Sudah fitrahnya bila dari sekian banyak influencer, ada yang bangga mempertontonkan pendapat pandir. André Spicer dari Guru Besar Kajian perilaku organisasional dari City University of London pernah mengkaji alasan ada orang pede mengampanyekan pandangan pribadi yang bertolak belakang dari ahli kesehatan. Jawabannya: di Abad 21 problem bias kognitif membesar akibat media sosial.

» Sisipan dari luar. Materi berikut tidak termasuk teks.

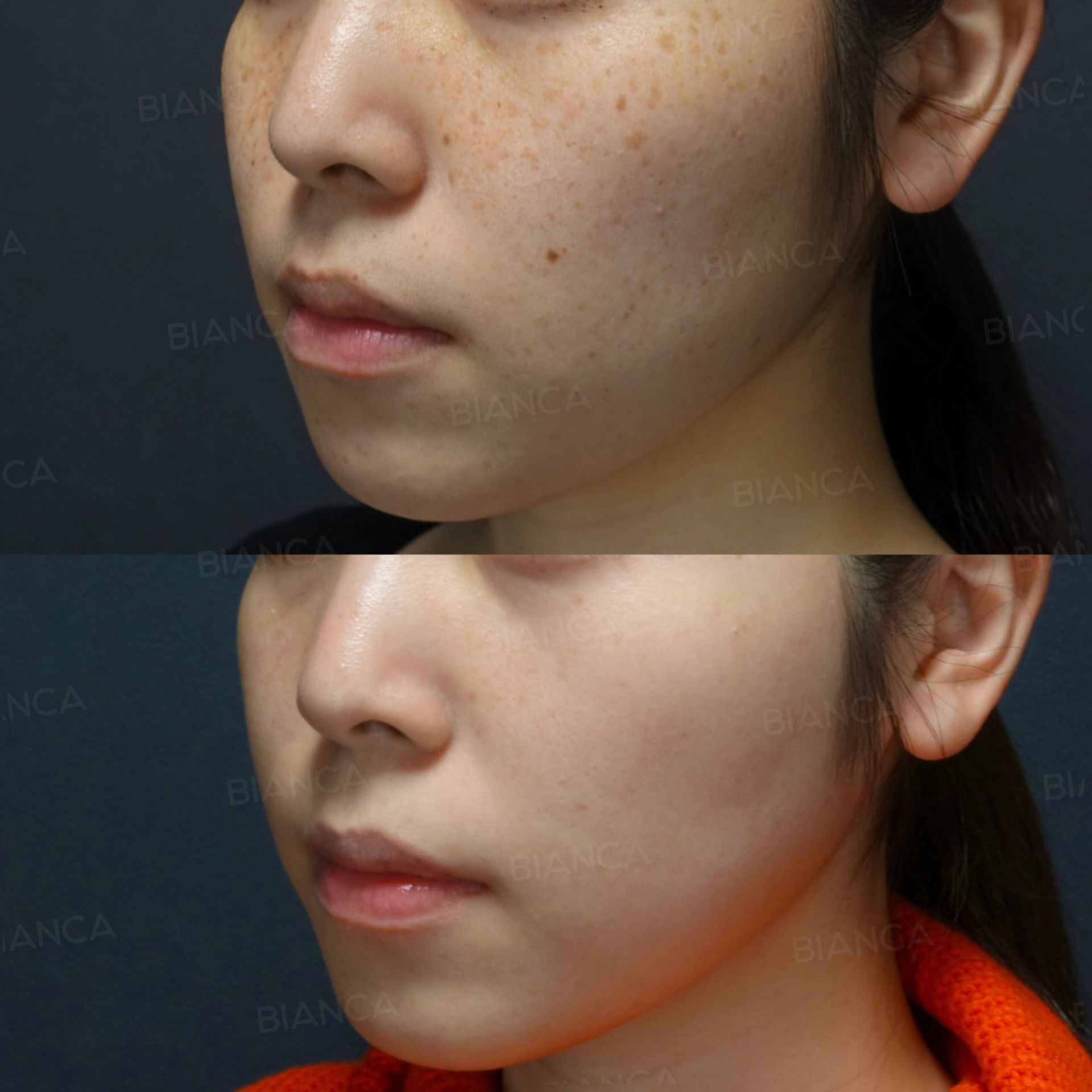 ピコスポット、ピコトーニング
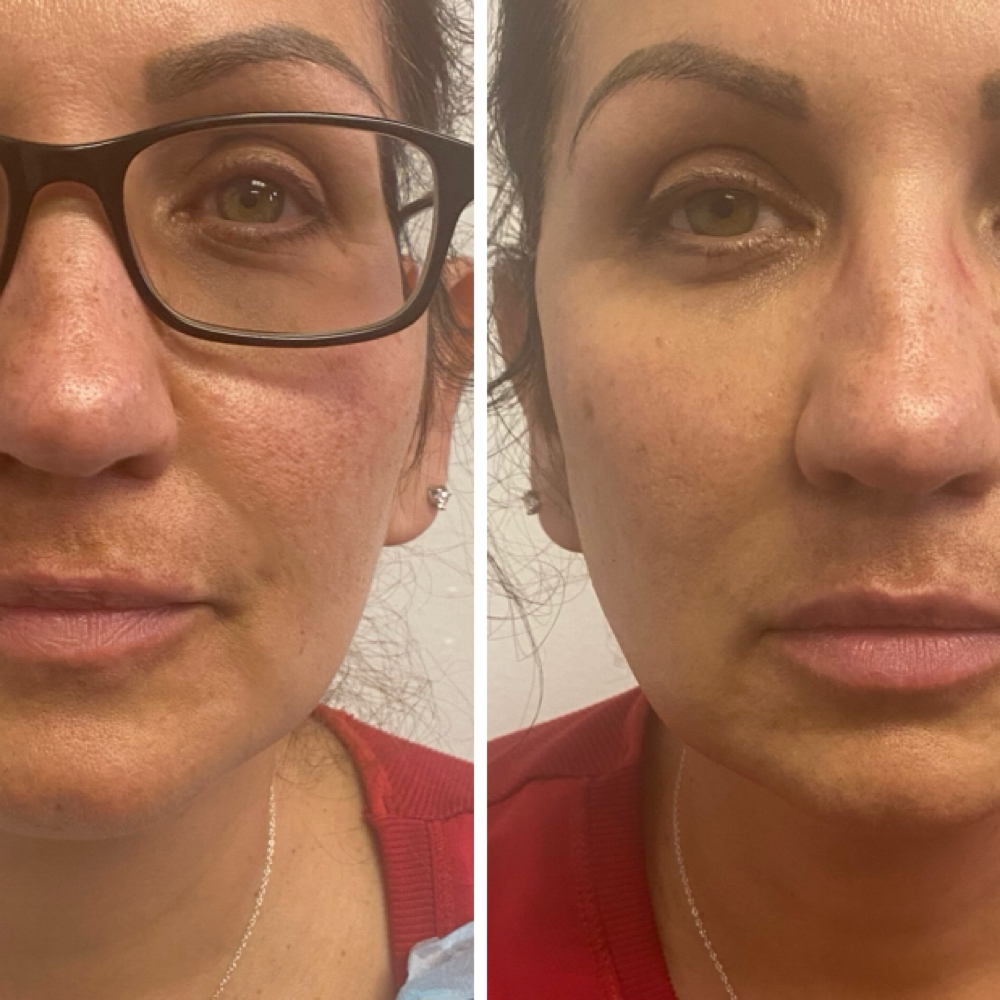 Fautox Facelift at 210 The Body Bar | San Antonio Lux Spray Tans & Body Sculpting in San Antonio, TX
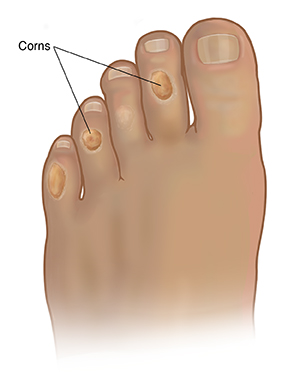 What Are Corns and Calluses Saint Luke s Health System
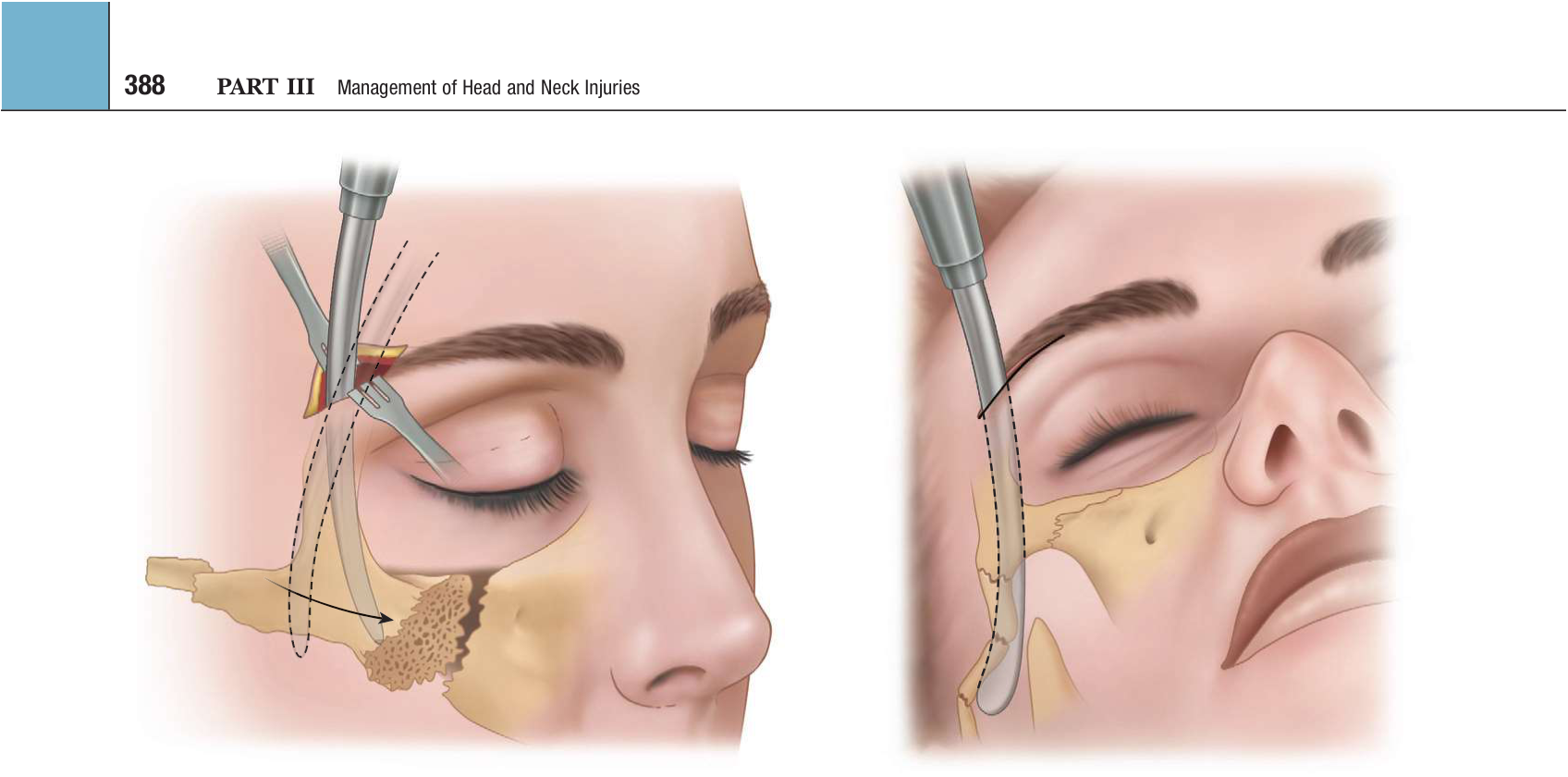 FIGURE 16-28 Elevation of ZMC from the eyebrow approach. A, Dingman zygomatic elevator is placed along the temporal surface of the zygoma for anterior, lateral, and superior elevation. B, Elevator is used to reduce the zygomatic arch fracture.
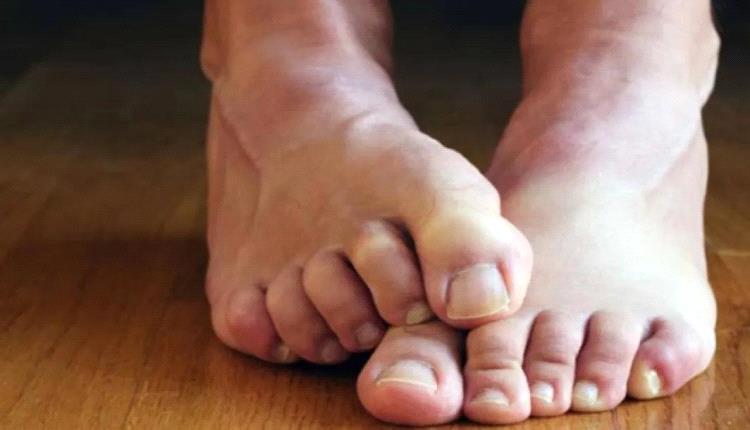 قدماك تكشف ما يخفيه الجسد: علامات مبكرة قد تنذر بأمراض خطيرة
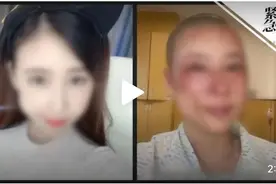 新婚第2天遭家暴，硫酸泼了她一脸，网友：苍蝇不叮无缝的蛋！图片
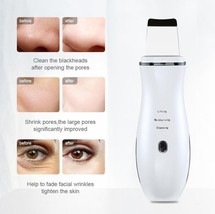 Amazefan Ultrasonic Skin Scrubber Peeling Shovel Ion Acne Blackhead Remover Deep - £14.68 GBP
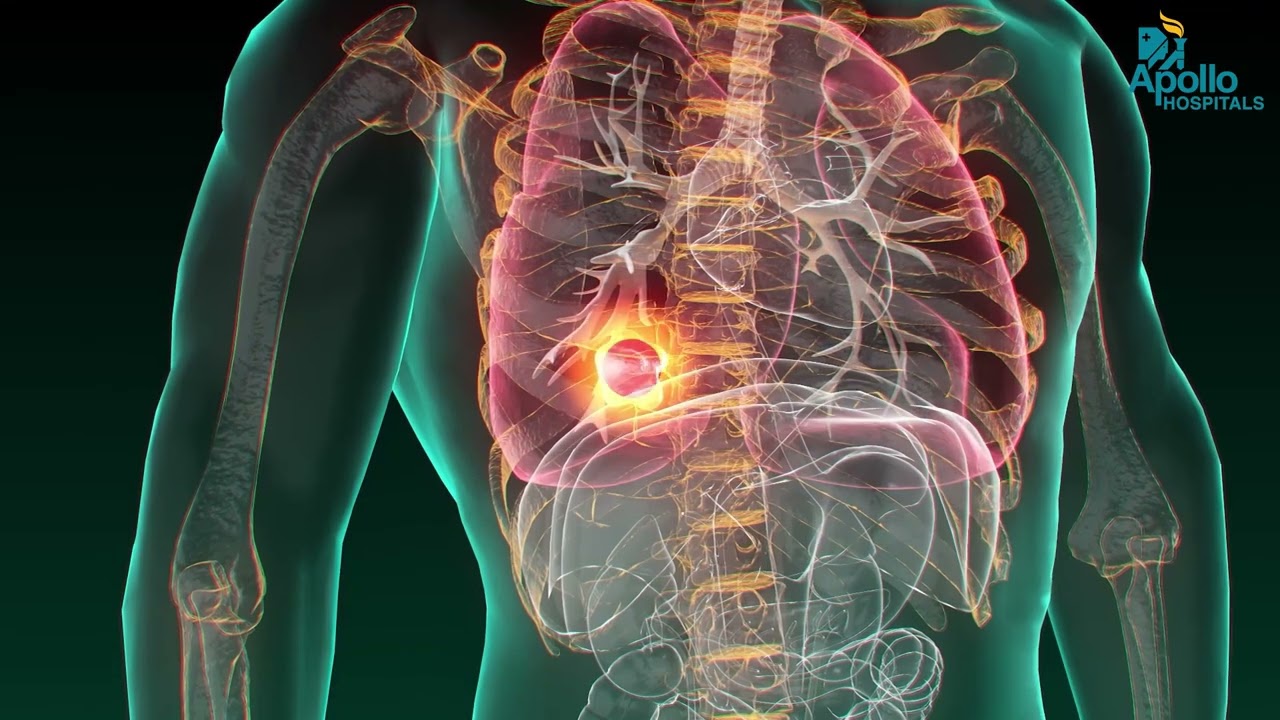 အဆုတ်ကင်ဆာ | Dr Sridhar R | Apollo Hospitals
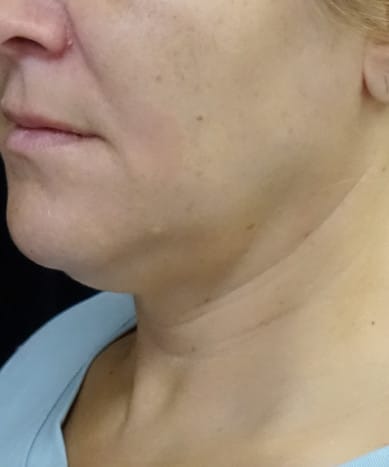 Kybella® Before, Female 56 - 3792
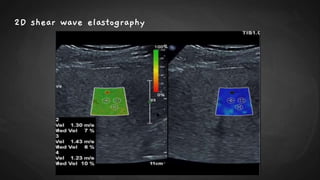 2D shear wave elastography
 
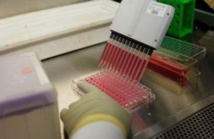 Des cellules immunitaires, génétiquement modifiées, efficaces contre le sida Des cellules immunitaires, génétiquement modifiées, efficaces contre le sida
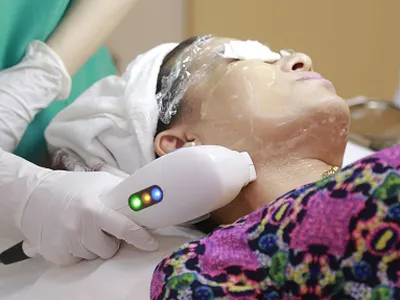 Trẻ hoá da bằng máy công nghệ hifu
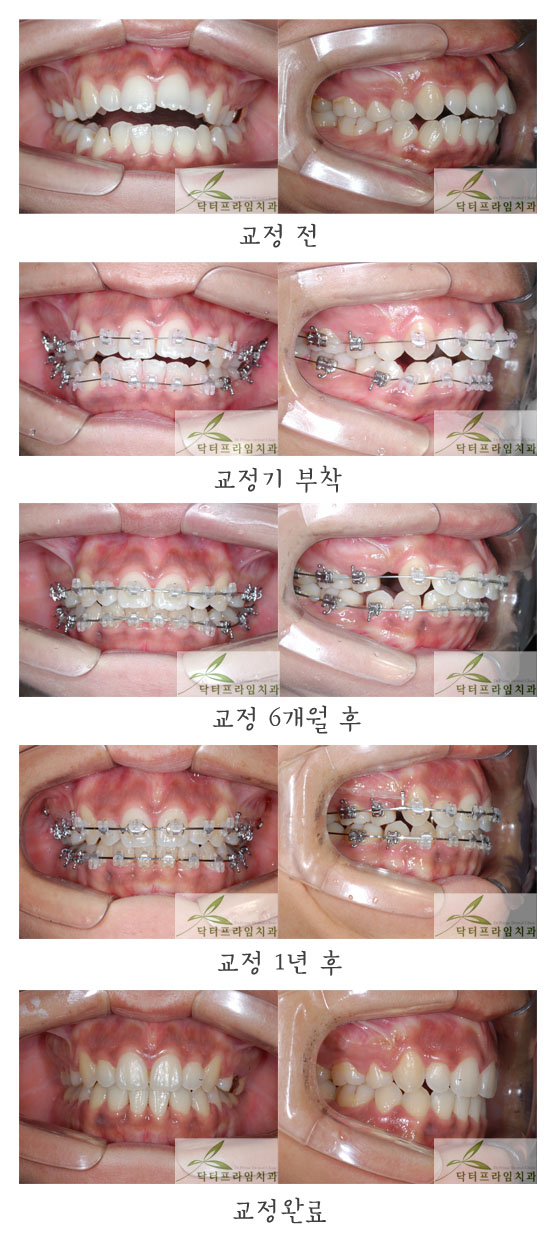 [치아교정후기] 돌출입+개방교합+무턱.  발음이 새고 둔해보여요 ㅠㅠ 관련 이미지 1
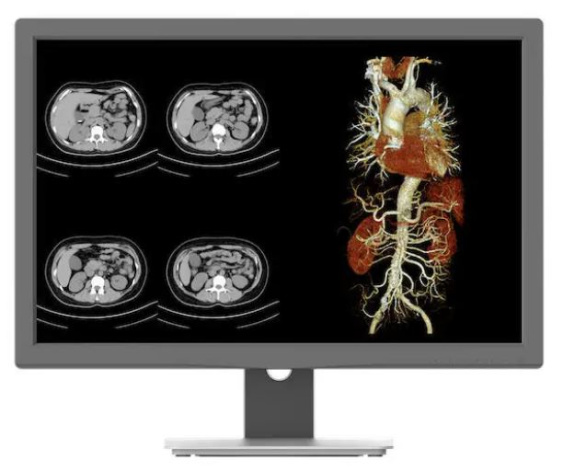фото Монитор 24" Jusha JUSHA-CR240G в Волгограде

Bias kognitif terbangun ketika manusia merumuskan pandangannya pada suatu isu yang rumit hanya berdasarkan kepercayaannya selama ini. Setelah memutuskan keberpihakan, manusia lantas melakukan usaha apa pun untuk menjustifikasi bahwa pandangannya benar. Akar masalahnya pendidikan yang tidak memadai, atau minimnya akses informasi yang akurat untuk meragukan pendapat pribadi mereka sendiri. Artinya, semua itu tak akan efektif diubah memakai pendekatan ancaman penjara.

Sayangnya, komunikasi dan transparansi kebijakan juga gagal dicontohkan pemerintah pusat selama masa awal penanganan Pandemi Corona. Alhasil, teori konspirasi dan kepatuhan warga menjalankan PSBB tak meningkat.

Jika kasus pencemaran nama baik dan penghinaan di media sosial definisinya senantiasa kabur, bahkan pemaknaan pasalnya bisa diinterpretasikan terlampau luas, yang jadi korban adalah kebebasan kita semua sebagai warga negara.

Memberi lampu hijau untuk pemakaian pasal karet UU ITE, dengan dalih melawan misinformasi Covid-19 sekalipun, akan melapangkan jalan penguasa memakainya membungkam kritik dalam bentuk apapun di masa mendatang.